| Exercise details |
Restate, word for word, each entry that follows, but skip its pictures.
--- START ---
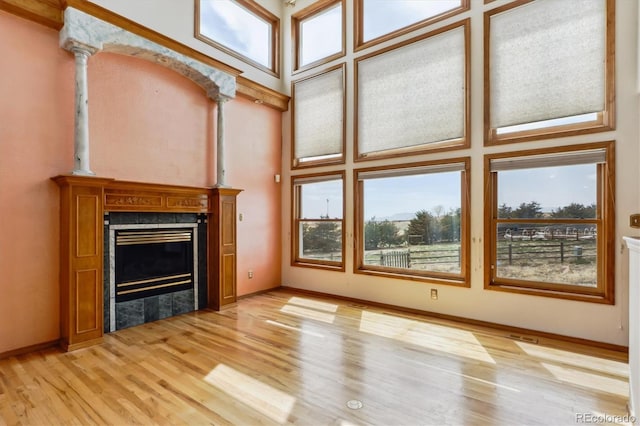 9920 Glenellen Dr, Peyton, CO 80831 - unfurnished living room with light wood-style floors, a tile fireplace, a high ceiling, and baseboards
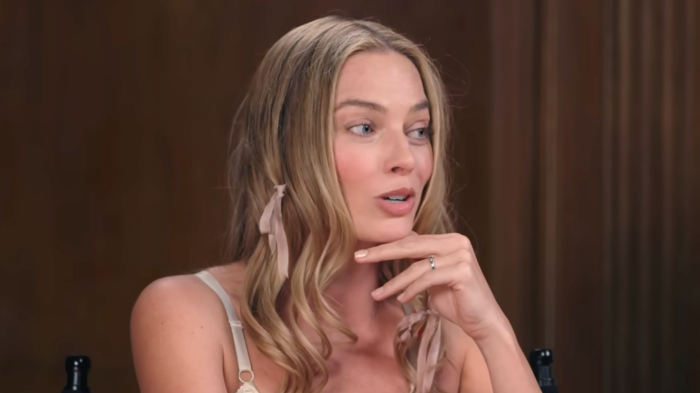 Margot Robbie at a public event, discussing industry pressure and worth tied to appearance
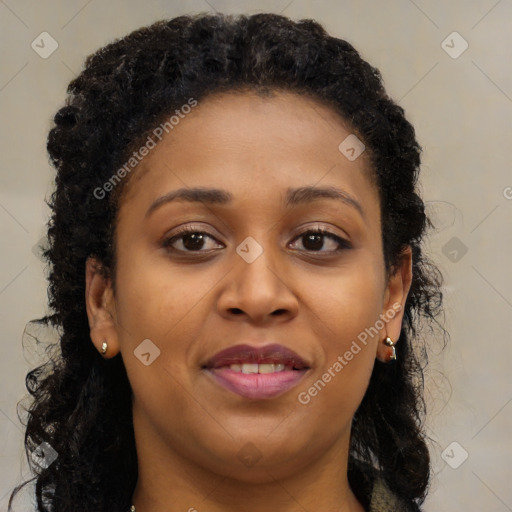 Joyful black young-adult female with long  brown hair and brown eyes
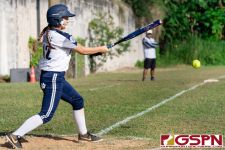 Academy Cougar Branwen Saville hits a grounder in the second inning. (Photo by Michael Blas)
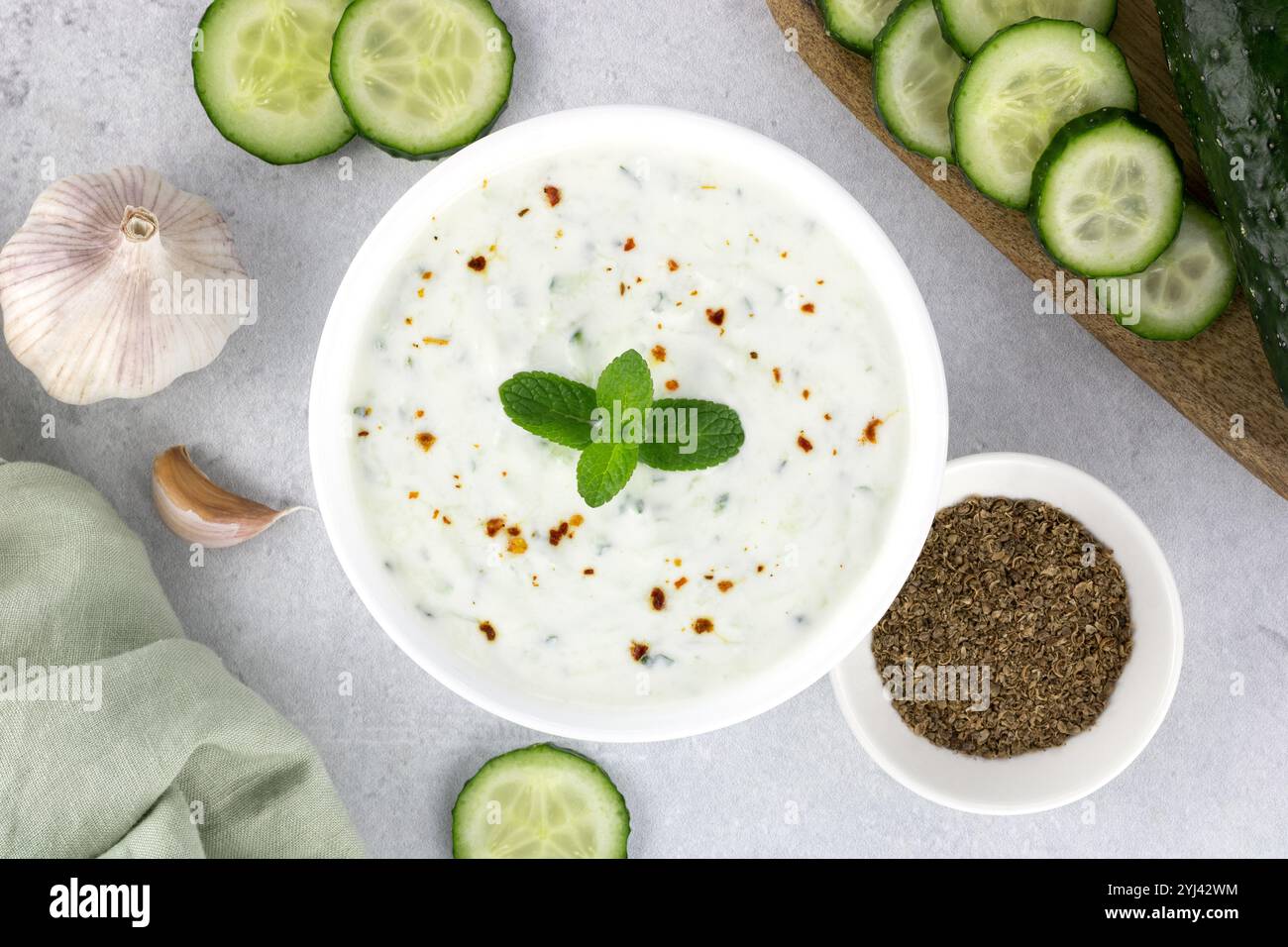 Salsa di raita indiana con yogurt, cetrioli ed erbe aromatiche su sfondo grigio. Vista dall'alto. Cibo indiano. Foto Stock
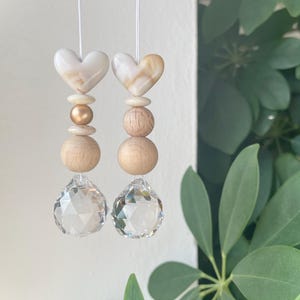 Könnte beinhalten: Zwei hängende Ornamente mit einer weißen herzförmigen Perle an der Spitze, gefolgt von einer kleinen cremefarbenen Scheibe, einer runden Perle, einer größeren Holzkugel und einer klaren, facettierten Kristallkugel an einer dünnen weißen Schnur.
--- END ---
| Response |
 9920 Glenellen Dr, Peyton, CO 80831 - unfurnished living room with light wood-style floors, a tile fireplace, a high ceiling, and baseboards
 Margot Robbie at a public event, discussing industry pressure and worth tied to appearance
 Joyful black young-adult female with long  brown hair and brown eyes
 Academy Cougar Branwen Saville hits a grounder in the second inning. (Photo by Michael Blas)
 Salsa di raita indiana con yogurt, cetrioli ed erbe aromatiche su sfondo grigio. Vista dall'alto. Cibo indiano. Foto Stock
 Könnte beinhalten: Zwei hängende Ornamente mit einer weißen herzförmigen Perle an der Spitze, gefolgt von einer kleinen cremefarbenen Scheibe, einer runden Perle, einer größeren Holzkugel und einer klaren, facettierten Kristallkugel an einer dünnen weißen Schnur.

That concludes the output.